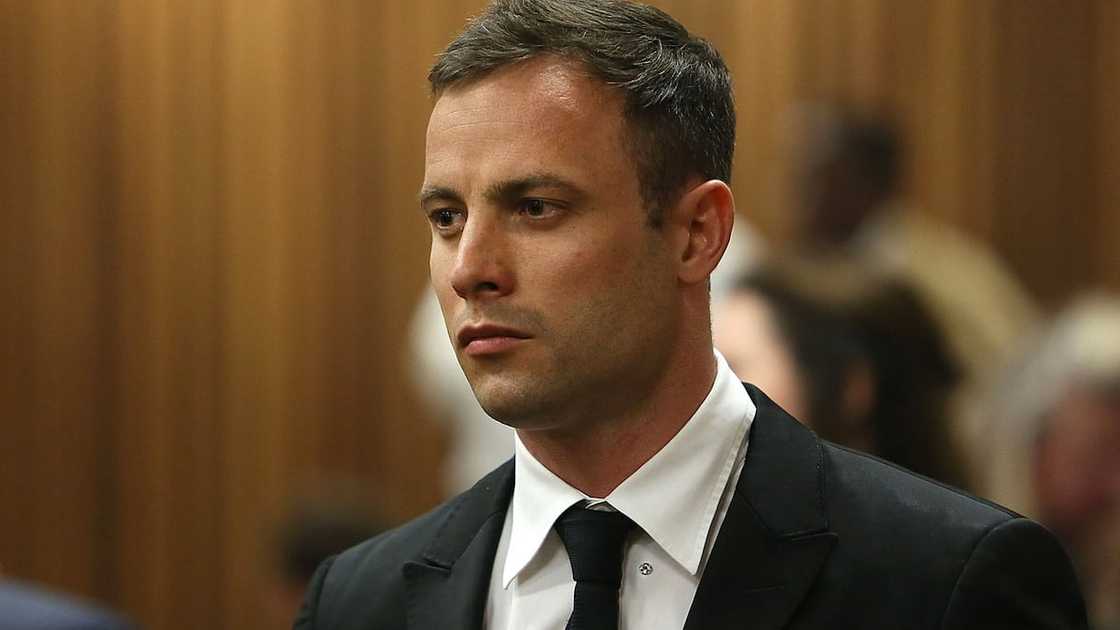 Oscar Pistorius biography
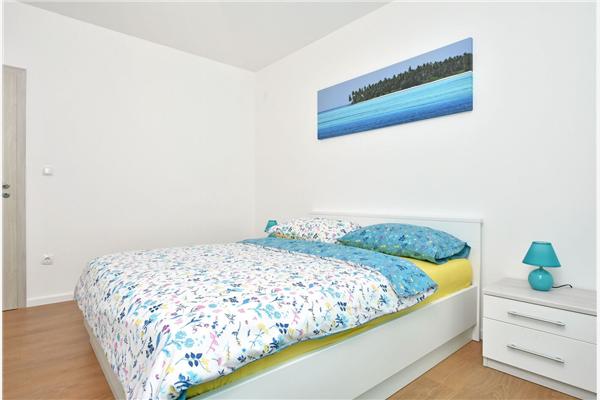 Apartment A1, for 6 persons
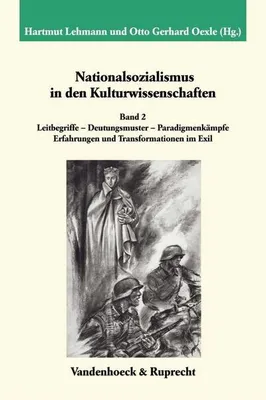 Obrázek produktu pro Nationalsozialismus in den Kulturwissenschaften. Band 2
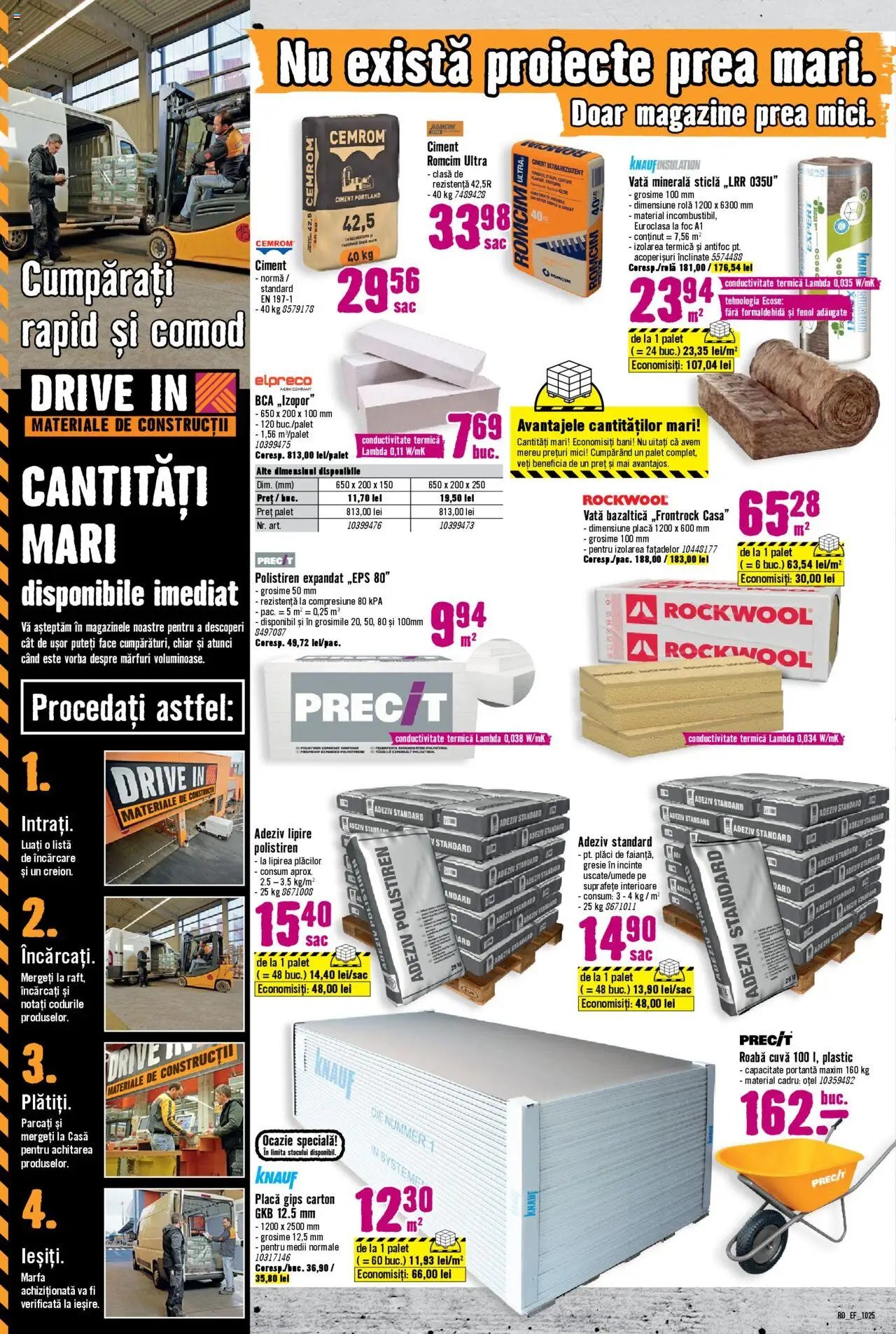 Hornbach catalog - Timișoara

**What to work on:**
Find the line with "Obrázek produktu pro". Return it and each line after it through the end of the data, exactly, without pictures.

**Expected answer:**
 Obrázek produktu pro Nationalsozialismus in den Kulturwissenschaften. Band 2
 Hornbach catalog - Timișoara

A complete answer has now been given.